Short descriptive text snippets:
⁂

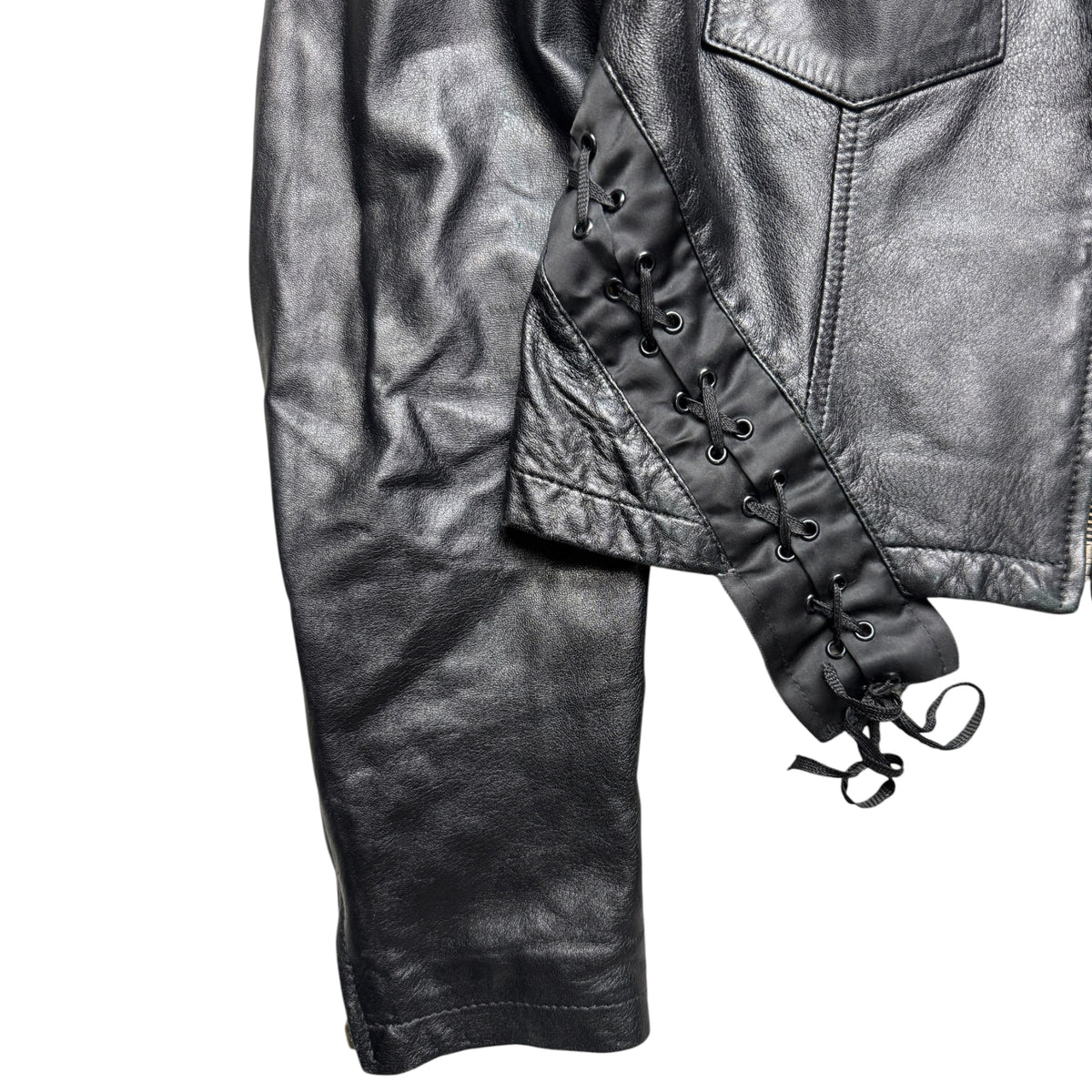 Dolce and Gabbana ss2002 leather jacket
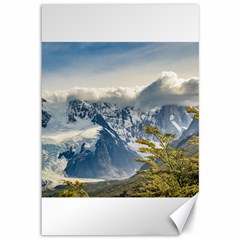 Snowy Andes Mountains, El Chalten Argentina Canvas 12  X 18   by dflcprints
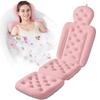 Bath Cushion, Full Body Bathtub Pillow with 160 Suction Cups, Bath Mat for Head and Neck Support, with Laundry Bag (Light Pink, 56.2" x 16.2") view 1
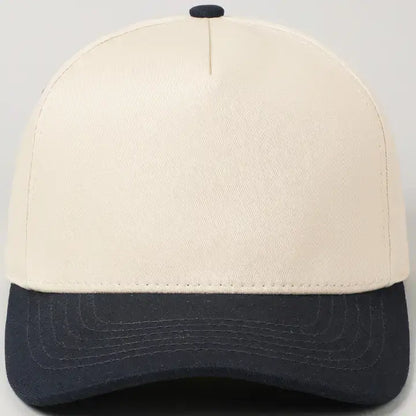 Kids Plain Two Tone Canvas Cotton Baseball Cap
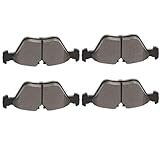 SCITOO D394 Front Semi-Metal Brake Pads Sets Fit For Audi 100 Quattro,For BMW 525i 525iT 530i 535i 540i 735i 735iL 740i 740iL 750iL L7 M3 M5 Z3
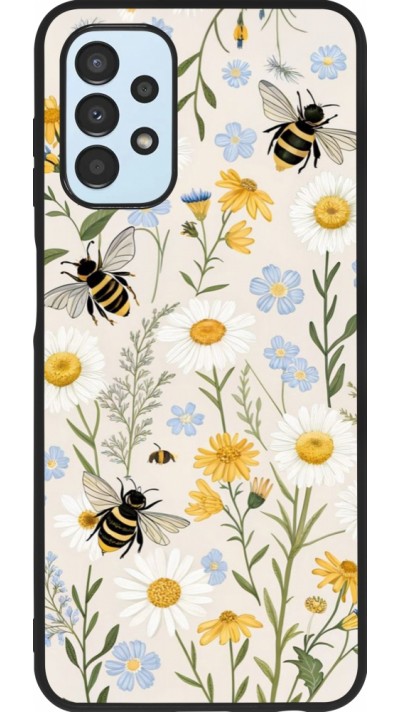 Samsung Galaxy A13 5G Case Hülle - Silikon schwarz Pattern bees Spring 2026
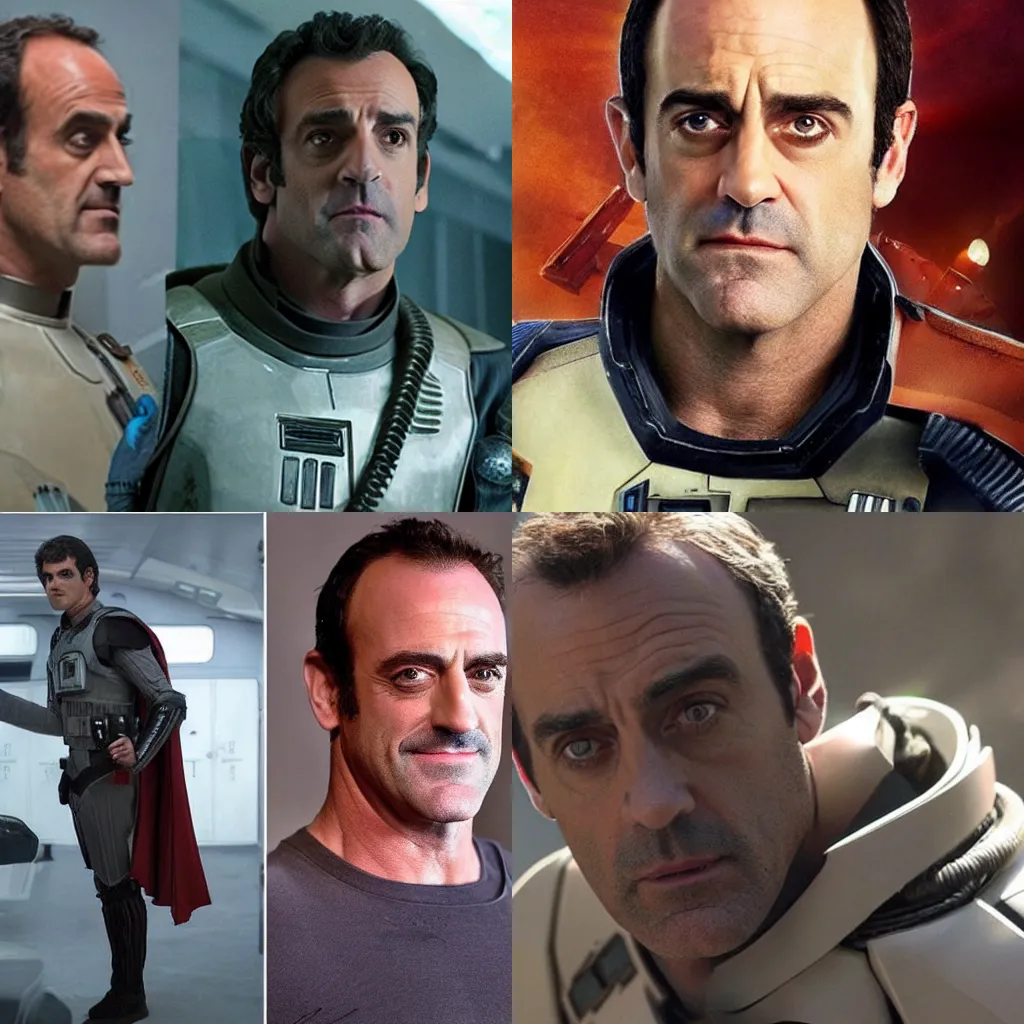 Prompt: chris meloni as poe dameron from star wars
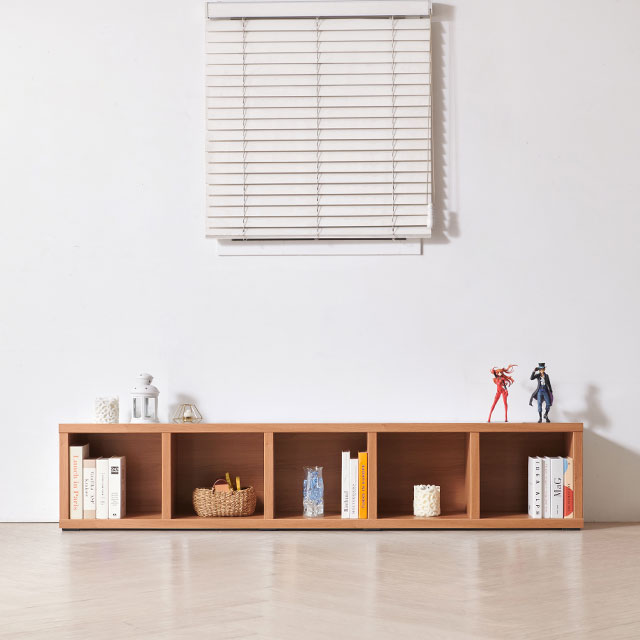 우아미가구 낮은 오픈 거실장 2000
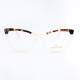 PLASTIC OPTICAL FRAME 52-19 (140) CREAM DEMI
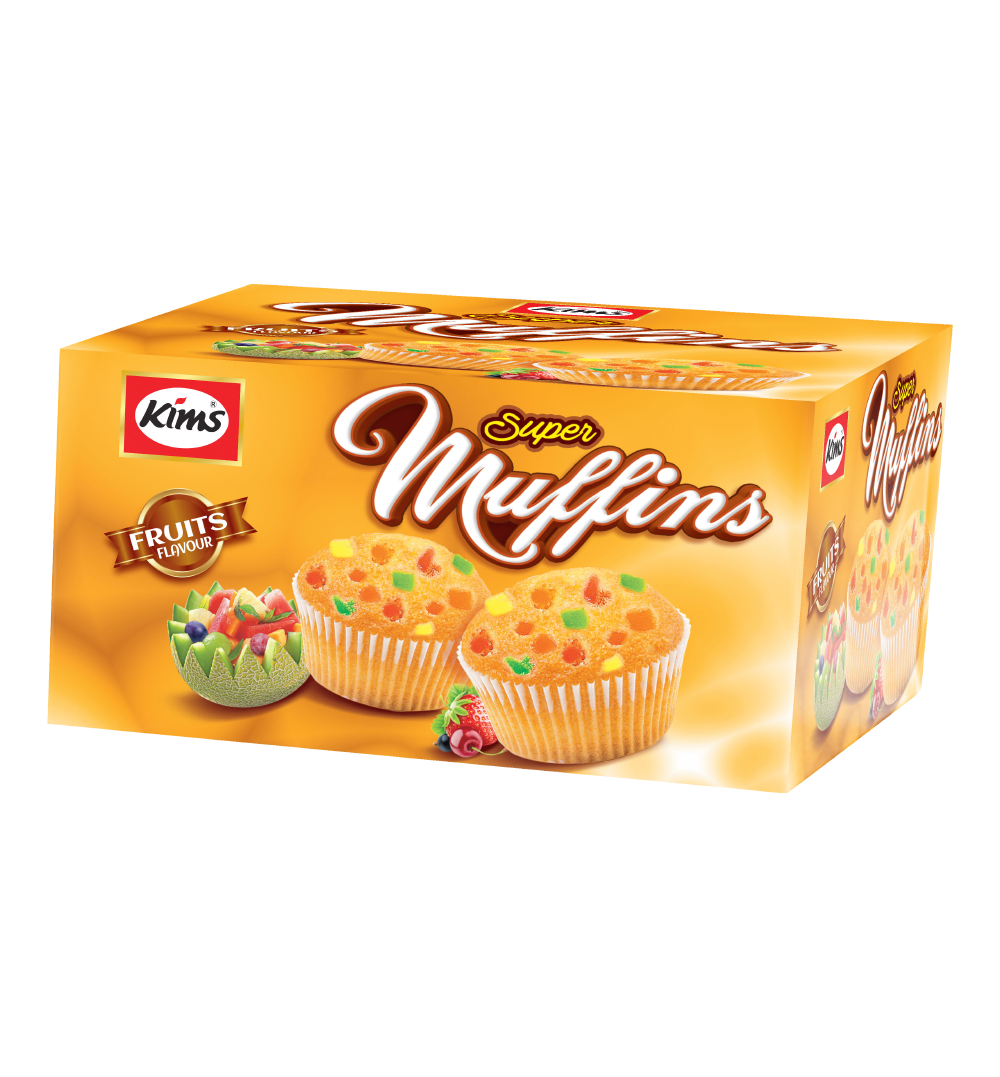 Kims Super Muffins Fruit Mix Cup Cake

⁂

▸ TASK TO COMPLETE:
Set all of the records down once more, letter for letter, with the images removed.

▸ COMPLETED EXERCISE:
 Dolce and Gabbana ss2002 leather jacket
 Snowy Andes Mountains, El Chalten Argentina Canvas 12  X 18   by dflcprints
 Bath Cushion, Full Body Bathtub Pillow with 160 Suction Cups, Bath Mat for Head and Neck Support, with Laundry Bag (Light Pink, 56.2" x 16.2") view 1
 Kids Plain Two Tone Canvas Cotton Baseball Cap
 SCITOO D394 Front Semi-Metal Brake Pads Sets Fit For Audi 100 Quattro,For BMW 525i 525iT 530i 535i 540i 735i 735iL 740i 740iL 750iL L7 M3 M5 Z3
 Samsung Galaxy A13 5G Case Hülle - Silikon schwarz Pattern bees Spring 2026
 Prompt: chris meloni as poe dameron from star wars
 우아미가구 낮은 오픈 거실장 2000
 PLASTIC OPTICAL FRAME 52-19 (140) CREAM DEMI
 Kims Super Muffins Fruit Mix Cup Cake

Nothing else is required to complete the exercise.